> _ASSIGNED TASK_: Only one stretch of the data below is wanted: the lines from the one with "Abuela Denim Overall Dungarees - Image 7" through the one with "Ceas QUARTZ MAN", repeated exactly.

+++ INPUT MATERIAL

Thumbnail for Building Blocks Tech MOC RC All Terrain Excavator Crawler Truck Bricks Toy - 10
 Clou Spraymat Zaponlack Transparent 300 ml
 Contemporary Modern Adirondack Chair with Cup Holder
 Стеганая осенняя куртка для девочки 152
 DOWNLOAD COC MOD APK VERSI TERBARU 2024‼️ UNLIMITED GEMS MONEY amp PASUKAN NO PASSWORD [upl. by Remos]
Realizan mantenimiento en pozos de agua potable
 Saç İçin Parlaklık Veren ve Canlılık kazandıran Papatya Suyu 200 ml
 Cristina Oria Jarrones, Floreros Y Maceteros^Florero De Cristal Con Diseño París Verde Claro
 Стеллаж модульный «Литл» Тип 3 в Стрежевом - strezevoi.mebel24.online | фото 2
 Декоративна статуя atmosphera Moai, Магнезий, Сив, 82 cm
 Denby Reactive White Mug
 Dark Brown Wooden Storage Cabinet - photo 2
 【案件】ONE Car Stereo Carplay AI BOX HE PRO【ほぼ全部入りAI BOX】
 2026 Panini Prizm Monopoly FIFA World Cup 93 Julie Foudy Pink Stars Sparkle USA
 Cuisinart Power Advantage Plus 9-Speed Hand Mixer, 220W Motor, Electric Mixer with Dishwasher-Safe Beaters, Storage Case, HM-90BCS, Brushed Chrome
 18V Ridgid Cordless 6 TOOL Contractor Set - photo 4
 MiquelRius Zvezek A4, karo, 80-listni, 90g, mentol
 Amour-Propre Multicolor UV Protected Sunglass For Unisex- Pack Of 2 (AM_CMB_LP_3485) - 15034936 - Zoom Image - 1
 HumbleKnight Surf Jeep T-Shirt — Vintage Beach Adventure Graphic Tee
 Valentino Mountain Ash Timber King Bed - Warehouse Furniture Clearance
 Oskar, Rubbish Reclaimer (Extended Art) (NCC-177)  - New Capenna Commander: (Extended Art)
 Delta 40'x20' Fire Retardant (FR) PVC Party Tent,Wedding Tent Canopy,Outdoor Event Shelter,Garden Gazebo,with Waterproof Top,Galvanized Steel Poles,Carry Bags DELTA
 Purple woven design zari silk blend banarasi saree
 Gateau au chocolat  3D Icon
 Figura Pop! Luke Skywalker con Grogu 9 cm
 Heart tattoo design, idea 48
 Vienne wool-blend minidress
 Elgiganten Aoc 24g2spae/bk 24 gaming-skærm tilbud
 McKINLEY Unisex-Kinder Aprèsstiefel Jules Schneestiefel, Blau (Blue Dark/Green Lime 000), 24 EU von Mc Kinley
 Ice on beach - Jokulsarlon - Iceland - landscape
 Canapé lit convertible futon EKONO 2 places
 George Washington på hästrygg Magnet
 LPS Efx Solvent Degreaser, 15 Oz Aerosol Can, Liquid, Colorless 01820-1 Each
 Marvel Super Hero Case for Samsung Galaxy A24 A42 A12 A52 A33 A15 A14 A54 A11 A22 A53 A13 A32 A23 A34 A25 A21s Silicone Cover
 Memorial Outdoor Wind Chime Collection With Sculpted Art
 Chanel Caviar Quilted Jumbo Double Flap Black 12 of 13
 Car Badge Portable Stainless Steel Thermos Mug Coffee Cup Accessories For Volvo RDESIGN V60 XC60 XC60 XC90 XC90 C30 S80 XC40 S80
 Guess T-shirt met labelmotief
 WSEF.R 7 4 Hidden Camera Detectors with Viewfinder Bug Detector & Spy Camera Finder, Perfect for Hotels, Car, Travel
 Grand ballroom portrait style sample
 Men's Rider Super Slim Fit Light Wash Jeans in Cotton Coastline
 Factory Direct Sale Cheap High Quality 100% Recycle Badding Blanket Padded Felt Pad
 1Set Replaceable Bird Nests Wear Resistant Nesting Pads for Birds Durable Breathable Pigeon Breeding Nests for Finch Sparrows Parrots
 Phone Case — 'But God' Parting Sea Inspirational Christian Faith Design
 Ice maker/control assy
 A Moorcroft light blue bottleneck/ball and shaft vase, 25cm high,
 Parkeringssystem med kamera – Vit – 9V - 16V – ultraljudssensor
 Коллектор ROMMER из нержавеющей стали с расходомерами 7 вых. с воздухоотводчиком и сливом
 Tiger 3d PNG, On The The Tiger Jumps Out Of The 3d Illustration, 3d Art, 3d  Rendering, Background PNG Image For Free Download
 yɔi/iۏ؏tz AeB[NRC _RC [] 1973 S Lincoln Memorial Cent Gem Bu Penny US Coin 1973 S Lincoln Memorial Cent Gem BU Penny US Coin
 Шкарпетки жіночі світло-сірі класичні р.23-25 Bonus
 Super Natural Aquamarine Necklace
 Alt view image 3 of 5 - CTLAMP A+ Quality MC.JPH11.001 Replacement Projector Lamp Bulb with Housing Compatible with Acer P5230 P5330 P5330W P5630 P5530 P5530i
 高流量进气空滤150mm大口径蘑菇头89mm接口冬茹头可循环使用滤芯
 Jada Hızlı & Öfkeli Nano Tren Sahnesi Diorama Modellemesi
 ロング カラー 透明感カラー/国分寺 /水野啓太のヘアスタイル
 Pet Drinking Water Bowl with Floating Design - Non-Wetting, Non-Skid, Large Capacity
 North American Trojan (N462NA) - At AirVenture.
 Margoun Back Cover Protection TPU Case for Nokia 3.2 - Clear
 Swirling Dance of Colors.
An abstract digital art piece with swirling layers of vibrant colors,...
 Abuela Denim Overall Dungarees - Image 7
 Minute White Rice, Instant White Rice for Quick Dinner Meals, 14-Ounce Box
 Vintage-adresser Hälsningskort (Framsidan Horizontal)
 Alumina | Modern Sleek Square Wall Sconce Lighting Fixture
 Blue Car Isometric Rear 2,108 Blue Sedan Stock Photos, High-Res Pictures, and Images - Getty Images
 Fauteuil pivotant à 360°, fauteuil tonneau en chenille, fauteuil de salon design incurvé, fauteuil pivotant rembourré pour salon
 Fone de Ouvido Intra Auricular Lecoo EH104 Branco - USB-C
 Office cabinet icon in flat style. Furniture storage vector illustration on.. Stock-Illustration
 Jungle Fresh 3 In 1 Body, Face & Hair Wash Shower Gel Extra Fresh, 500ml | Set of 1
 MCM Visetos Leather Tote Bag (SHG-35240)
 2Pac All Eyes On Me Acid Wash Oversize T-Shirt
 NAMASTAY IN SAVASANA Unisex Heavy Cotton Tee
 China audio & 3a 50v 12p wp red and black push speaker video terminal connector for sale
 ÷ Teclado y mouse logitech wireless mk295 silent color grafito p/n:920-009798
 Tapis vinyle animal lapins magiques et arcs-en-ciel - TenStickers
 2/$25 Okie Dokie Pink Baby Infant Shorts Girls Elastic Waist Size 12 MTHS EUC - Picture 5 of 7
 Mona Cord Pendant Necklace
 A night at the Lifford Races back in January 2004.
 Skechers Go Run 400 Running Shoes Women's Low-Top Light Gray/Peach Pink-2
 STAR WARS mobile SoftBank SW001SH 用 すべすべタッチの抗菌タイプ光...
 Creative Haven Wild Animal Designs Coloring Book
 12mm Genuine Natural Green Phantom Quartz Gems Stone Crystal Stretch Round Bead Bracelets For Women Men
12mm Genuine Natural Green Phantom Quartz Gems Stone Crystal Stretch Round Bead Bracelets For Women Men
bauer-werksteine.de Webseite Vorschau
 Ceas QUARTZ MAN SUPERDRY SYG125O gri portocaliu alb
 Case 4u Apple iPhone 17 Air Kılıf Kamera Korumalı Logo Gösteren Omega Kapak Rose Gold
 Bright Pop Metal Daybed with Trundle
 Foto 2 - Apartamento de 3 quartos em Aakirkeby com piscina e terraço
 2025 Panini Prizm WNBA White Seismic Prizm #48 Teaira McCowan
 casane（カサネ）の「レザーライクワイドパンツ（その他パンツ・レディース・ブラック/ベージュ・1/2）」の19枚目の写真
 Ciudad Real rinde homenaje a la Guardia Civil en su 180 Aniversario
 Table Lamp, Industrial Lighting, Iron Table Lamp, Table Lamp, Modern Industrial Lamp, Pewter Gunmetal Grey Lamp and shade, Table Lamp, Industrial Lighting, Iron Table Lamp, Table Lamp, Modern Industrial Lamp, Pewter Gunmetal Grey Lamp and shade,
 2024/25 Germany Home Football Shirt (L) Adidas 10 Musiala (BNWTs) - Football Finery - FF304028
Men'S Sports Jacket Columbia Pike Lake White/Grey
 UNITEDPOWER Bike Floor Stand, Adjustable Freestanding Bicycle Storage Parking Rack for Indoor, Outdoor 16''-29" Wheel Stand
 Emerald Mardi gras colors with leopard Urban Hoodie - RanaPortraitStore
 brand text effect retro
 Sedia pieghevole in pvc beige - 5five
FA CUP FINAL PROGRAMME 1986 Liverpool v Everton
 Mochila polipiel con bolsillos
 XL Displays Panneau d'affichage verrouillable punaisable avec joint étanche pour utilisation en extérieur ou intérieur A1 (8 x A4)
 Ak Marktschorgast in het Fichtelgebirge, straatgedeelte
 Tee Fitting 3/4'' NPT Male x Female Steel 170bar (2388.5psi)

++++++

> _EXERCISE RESPONSE_:
 Abuela Denim Overall Dungarees - Image 7
 Minute White Rice, Instant White Rice for Quick Dinner Meals, 14-Ounce Box
 Vintage-adresser Hälsningskort (Framsidan Horizontal)
 Alumina | Modern Sleek Square Wall Sconce Lighting Fixture
 Blue Car Isometric Rear 2,108 Blue Sedan Stock Photos, High-Res Pictures, and Images - Getty Images
 Fauteuil pivotant à 360°, fauteuil tonneau en chenille, fauteuil de salon design incurvé, fauteuil pivotant rembourré pour salon
 Fone de Ouvido Intra Auricular Lecoo EH104 Branco - USB-C
 Office cabinet icon in flat style. Furniture storage vector illustration on.. Stock-Illustration
 Jungle Fresh 3 In 1 Body, Face & Hair Wash Shower Gel Extra Fresh, 500ml | Set of 1
 MCM Visetos Leather Tote Bag (SHG-35240)
 2Pac All Eyes On Me Acid Wash Oversize T-Shirt
 NAMASTAY IN SAVASANA Unisex Heavy Cotton Tee
 China audio & 3a 50v 12p wp red and black push speaker video terminal connector for sale
 ÷ Teclado y mouse logitech wireless mk295 silent color grafito p/n:920-009798
 Tapis vinyle animal lapins magiques et arcs-en-ciel - TenStickers
 2/$25 Okie Dokie Pink Baby Infant Shorts Girls Elastic Waist Size 12 MTHS EUC - Picture 5 of 7
 Mona Cord Pendant Necklace
 A night at the Lifford Races back in January 2004.
 Skechers Go Run 400 Running Shoes Women's Low-Top Light Gray/Peach Pink-2
 STAR WARS mobile SoftBank SW001SH 用 すべすべタッチの抗菌タイプ光...
 Creative Haven Wild Animal Designs Coloring Book
 12mm Genuine Natural Green Phantom Quartz Gems Stone Crystal Stretch Round Bead Bracelets For Women Men
12mm Genuine Natural Green Phantom Quartz Gems Stone Crystal Stretch Round Bead Bracelets For Women Men
bauer-werksteine.de Webseite Vorschau
 Ceas QUARTZ MAN SUPERDRY SYG125O gri portocaliu alb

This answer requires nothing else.